→ What the task requires:
Every line from the one containing "The original eco-performance sock" to the one containing "Cặp bố thắng" in the records below, both included, must be set down exactly, and no other line.

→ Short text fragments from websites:
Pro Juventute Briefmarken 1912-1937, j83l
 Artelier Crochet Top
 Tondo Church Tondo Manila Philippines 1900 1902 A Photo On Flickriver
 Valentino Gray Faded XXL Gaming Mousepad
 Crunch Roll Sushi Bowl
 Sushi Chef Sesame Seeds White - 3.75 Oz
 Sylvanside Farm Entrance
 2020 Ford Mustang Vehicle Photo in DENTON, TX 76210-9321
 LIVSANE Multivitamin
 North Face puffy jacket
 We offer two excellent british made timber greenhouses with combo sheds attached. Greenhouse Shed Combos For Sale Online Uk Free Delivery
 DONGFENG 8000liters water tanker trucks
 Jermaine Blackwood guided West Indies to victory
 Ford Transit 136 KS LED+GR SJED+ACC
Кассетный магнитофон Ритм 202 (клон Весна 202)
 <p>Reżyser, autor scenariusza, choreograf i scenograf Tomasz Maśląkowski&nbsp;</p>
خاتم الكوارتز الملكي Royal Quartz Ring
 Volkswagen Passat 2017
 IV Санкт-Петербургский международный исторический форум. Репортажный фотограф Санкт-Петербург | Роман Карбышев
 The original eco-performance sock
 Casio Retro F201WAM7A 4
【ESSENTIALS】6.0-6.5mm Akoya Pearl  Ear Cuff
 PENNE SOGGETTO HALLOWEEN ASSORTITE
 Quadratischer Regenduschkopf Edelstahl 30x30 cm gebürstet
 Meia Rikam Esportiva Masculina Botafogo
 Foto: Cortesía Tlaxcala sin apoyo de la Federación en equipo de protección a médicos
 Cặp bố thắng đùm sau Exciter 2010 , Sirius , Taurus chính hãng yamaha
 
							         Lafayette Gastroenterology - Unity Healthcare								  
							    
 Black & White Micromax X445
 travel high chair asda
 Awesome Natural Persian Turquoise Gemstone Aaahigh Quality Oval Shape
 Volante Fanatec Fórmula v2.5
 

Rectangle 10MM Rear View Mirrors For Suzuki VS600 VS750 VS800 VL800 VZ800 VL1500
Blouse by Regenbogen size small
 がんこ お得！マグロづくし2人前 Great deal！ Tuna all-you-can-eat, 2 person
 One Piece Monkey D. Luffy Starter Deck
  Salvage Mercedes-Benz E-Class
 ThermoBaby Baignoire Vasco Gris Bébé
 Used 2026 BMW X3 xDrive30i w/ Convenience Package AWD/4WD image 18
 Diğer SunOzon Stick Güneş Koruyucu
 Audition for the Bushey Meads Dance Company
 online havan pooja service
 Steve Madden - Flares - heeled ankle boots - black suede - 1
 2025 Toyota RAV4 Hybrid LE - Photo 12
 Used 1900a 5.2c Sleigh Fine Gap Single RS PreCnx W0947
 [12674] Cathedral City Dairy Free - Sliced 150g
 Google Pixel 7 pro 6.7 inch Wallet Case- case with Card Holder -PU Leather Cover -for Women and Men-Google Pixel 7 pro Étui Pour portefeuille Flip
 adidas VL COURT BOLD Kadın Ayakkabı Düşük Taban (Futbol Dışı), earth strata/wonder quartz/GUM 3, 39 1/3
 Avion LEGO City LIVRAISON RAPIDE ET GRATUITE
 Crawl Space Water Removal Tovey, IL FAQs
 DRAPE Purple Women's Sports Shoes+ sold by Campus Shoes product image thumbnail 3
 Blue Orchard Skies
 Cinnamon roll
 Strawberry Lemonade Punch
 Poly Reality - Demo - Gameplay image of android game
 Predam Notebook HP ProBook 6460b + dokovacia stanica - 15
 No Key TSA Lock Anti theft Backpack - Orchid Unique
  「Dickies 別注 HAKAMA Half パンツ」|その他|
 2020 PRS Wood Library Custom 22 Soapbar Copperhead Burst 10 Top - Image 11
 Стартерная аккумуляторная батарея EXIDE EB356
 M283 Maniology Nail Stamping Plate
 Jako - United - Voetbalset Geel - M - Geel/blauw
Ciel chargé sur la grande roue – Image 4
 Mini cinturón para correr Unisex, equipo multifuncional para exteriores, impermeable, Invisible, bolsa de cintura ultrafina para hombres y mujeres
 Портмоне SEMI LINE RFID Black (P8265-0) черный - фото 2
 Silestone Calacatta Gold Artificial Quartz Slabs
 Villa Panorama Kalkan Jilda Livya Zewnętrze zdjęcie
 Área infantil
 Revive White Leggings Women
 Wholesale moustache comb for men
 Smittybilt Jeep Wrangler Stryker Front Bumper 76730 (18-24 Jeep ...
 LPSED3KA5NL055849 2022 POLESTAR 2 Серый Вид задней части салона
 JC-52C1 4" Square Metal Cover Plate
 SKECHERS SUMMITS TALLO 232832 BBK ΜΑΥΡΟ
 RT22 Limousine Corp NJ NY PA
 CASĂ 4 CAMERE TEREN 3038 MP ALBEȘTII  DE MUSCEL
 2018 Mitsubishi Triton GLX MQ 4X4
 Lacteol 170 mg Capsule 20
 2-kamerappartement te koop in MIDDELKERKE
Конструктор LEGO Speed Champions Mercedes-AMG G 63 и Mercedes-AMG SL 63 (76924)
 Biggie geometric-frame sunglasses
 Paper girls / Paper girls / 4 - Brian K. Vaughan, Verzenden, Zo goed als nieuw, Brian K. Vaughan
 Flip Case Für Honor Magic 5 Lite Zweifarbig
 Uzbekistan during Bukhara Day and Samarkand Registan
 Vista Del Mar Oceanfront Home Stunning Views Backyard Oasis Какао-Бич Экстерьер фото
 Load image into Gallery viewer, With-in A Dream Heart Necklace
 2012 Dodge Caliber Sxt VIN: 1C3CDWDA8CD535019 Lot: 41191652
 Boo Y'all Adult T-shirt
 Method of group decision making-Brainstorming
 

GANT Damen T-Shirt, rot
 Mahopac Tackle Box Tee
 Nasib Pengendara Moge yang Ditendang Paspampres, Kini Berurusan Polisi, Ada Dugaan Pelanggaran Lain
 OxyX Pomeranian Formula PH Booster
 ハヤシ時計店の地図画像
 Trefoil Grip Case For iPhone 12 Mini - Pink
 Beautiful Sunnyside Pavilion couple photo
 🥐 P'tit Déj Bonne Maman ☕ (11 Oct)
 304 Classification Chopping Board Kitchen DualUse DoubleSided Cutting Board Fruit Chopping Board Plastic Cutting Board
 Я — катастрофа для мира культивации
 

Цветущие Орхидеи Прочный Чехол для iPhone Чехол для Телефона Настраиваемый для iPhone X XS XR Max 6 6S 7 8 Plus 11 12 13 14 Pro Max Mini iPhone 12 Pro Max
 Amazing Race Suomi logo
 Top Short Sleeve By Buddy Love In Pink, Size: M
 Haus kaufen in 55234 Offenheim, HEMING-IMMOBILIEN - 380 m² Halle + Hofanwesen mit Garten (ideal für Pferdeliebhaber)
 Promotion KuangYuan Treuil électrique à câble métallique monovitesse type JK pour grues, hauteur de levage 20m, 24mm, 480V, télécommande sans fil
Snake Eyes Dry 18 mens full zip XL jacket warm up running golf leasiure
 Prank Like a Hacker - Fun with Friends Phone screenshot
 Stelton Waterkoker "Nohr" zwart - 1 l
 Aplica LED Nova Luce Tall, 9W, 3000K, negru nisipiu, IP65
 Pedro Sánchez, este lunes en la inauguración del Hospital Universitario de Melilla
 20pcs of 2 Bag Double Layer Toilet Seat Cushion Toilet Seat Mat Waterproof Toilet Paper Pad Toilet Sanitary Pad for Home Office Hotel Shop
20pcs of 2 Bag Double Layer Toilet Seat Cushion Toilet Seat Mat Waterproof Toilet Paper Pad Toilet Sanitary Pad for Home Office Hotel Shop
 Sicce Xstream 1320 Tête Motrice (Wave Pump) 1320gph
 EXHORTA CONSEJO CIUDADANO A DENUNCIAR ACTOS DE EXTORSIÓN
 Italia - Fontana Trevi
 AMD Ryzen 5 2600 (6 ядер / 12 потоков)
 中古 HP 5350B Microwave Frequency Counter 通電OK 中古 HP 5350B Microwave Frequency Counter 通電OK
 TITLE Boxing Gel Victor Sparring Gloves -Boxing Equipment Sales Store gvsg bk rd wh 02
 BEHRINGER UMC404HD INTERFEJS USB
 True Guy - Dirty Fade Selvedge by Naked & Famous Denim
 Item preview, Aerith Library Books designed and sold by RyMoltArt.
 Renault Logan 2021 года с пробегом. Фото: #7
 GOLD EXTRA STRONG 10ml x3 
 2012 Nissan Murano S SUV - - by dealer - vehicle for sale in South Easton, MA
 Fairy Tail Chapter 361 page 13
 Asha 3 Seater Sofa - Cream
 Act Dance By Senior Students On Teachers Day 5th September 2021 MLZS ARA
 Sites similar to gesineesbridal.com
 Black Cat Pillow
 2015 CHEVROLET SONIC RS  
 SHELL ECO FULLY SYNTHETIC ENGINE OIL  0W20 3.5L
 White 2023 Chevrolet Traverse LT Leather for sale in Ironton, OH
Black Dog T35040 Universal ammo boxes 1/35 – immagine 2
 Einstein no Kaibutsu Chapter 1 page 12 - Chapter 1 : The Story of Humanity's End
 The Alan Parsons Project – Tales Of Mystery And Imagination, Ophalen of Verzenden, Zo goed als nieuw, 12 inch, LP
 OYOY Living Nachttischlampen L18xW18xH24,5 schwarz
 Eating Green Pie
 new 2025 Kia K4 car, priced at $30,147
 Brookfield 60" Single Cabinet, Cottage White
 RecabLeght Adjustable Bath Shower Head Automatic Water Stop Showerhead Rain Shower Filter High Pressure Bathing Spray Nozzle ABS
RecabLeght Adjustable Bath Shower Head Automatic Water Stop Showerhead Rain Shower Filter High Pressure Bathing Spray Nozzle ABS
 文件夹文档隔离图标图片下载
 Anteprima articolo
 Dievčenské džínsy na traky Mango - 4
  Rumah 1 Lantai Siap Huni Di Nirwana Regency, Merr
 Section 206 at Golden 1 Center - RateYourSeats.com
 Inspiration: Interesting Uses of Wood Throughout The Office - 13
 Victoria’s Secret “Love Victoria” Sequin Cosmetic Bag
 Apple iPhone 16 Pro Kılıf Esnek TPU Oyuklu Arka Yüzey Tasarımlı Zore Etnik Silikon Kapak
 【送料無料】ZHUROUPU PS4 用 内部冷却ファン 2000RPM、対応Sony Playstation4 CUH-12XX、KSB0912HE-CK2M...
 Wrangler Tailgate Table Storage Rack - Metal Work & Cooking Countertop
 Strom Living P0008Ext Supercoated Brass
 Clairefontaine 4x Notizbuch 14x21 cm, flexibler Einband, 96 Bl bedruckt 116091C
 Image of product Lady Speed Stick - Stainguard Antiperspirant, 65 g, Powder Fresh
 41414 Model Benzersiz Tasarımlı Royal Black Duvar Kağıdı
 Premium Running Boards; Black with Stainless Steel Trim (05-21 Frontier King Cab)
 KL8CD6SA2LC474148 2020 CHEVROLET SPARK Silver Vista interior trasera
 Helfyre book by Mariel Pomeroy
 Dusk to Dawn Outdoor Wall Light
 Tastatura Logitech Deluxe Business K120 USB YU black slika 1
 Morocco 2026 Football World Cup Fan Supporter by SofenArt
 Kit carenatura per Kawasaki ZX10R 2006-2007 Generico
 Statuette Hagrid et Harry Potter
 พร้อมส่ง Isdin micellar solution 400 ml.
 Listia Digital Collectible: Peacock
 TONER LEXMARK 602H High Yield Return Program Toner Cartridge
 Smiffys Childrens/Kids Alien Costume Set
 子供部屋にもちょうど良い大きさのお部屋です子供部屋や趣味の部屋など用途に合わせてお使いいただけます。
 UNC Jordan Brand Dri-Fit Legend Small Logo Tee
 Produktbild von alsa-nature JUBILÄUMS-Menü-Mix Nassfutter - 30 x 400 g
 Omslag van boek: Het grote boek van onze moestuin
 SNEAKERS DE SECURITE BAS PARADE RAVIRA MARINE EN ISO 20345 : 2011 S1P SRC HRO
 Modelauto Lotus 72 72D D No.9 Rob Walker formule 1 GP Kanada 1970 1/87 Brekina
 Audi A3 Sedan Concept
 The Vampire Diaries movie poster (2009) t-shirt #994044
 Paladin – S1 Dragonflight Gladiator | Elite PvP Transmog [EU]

→ Solution:
 The original eco-performance sock
 Casio Retro F201WAM7A 4
【ESSENTIALS】6.0-6.5mm Akoya Pearl  Ear Cuff
 PENNE SOGGETTO HALLOWEEN ASSORTITE
 Quadratischer Regenduschkopf Edelstahl 30x30 cm gebürstet
 Meia Rikam Esportiva Masculina Botafogo
 Foto: Cortesía Tlaxcala sin apoyo de la Federación en equipo de protección a médicos
 Cặp bố thắng đùm sau Exciter 2010 , Sirius , Taurus chính hãng yamaha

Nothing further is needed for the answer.